Voices in the Air

23 Mar

downloadI picked up an advanced readers copy of Naomi Shihab Nye’s Voices in the Air when I was at the ALA Midwinter Conference in Denver. I’ve been reading it at school, during independent reading time. Lovely poems reflecting on a variety of  artists, writers, poets, historical figures, and ordinary people.

I heard her speak a number of years ago at a conference. She was wonderfully dynamic and gave us advice I have tried to follow: write three lines everyday.

Imagine my delight when, Sunday night, I was listening to On Being on the radio and Naomi Shihab Nye was the guest. She read and talked about her poetry and her view of the world. Here are some of the bits I gleaned from the program.

  1. You are living in a poem.
  2. Very rarely do you hear anyone say they write things down and feel worse.
  3. Talking about poetry is also talking about how we move through the world.
  4. You have to write things down as they come to you.
  5. When you write things down, you find out what you notice.
  6. You listen to yourself when you go back and look at what you wrote.
  7. Consider reading your children awake when they get older.

If you read nothing else today, read Naomi Shihab Nye’s poem, “Kindness”.

 

8 Responses to “Voices in the Air”

  1. Elisabeth Ellington March 23, 2018 at 6:41 am #

    I really enjoyed this podcast too and was very excited to spot a copy of Voices in the Air on my shelf in my office–I’d forgotten that I picked it up at NCTE. Of course then I promptly left it there so reading will have to wait until next week. I loved the story of her waking her son up with reading. I am not sure how my son will respond, but I may start reading a poem to him first thing in the morning. A short one! Very short!

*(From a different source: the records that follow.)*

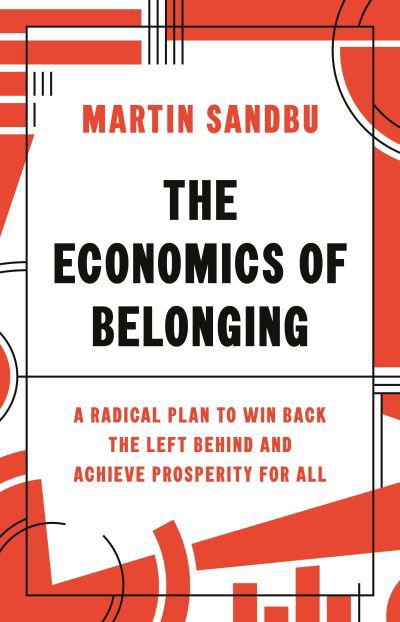 The Economics of Belonging: A Radical Plan to Win Back the Left Behind and Achieve Prosperity for All - Martin Sandbu - Livros - Princeton University Press - 9780691228907 - 17 de maio de 2022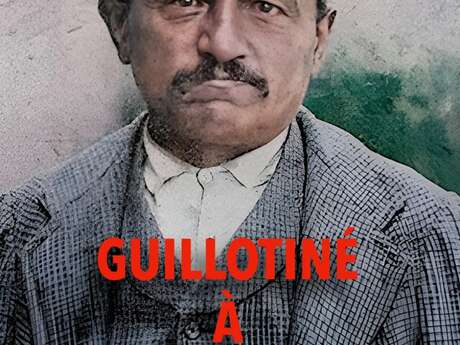 Conférence "Guillotiné à Saint-Gaudens"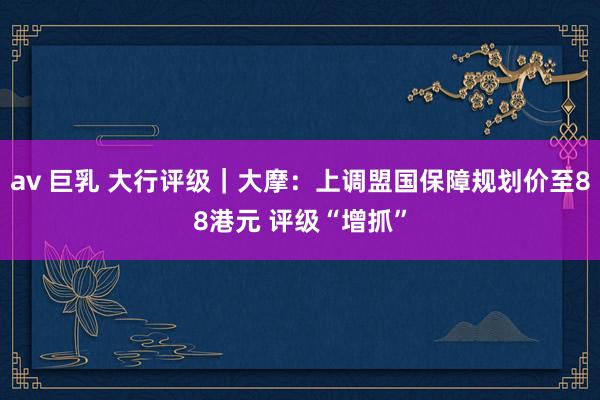 av 巨乳 大行评级｜大摩：上调盟国保障规划价至88港元 评级“增抓”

  2. Brian Rozinsky March 23, 2018 at 7:01 am #

    This line feels like one of those blinding glimpses of the obvious: “Very rarely do you hear anyone say they write things down and feel worse.” It’s the getting to the writing down that often feels like a steep climb!

  3. Alice Nine March 23, 2018 at 7:51 am #

    So much to ponder in your post! Never thought about this: “Very rarely do you hear anyone say they write things down and feel worse.” So true. Also, I like, ” reading your children awake.” I’m connecting this thought to home and to classroom. And, yes!! “Kindness” is a poem to read and re-read.

  4. elsie March 23, 2018 at 10:07 am #

    I think I will marinate the idea that I am living in a poem. Sounds like a lovely place to be.

  5. franmccrackin March 23, 2018 at 4:06 pm #

    I enjoyed your post and thank you for sharing the list. It is timely for me as I am trying to read, ponder, try and write more poetry. Great #1-7.

  6. arjeha March 23, 2018 at 6:20 pm #

    “Write three lines every day.” definitely doable. I am thinking that some days it would be difficult to stop after just three lines. So much to think about in your post.

  7. Suzanne March 23, 2018 at 7:17 pm #

    “When you write things down, you find out what you notice.” This is so true! Thank you for reminding me that I bought a book of poetry by Ms. Nye at a conference, now I am going to read it!

  8. humbleswede March 23, 2018 at 7:48 pm #

    Thank you for this entry and for sending me to “Kindness.” That is a great poem. I’ve heard Naomi Nye speak, too, and I was struck by the depth of her voice. That adds a lot to what I hear now whenever I read her poems. I love the line in your entry where she says, “When you write things down, you find out what you notice.” So simple, but so important. I’m finding the truth in that this month.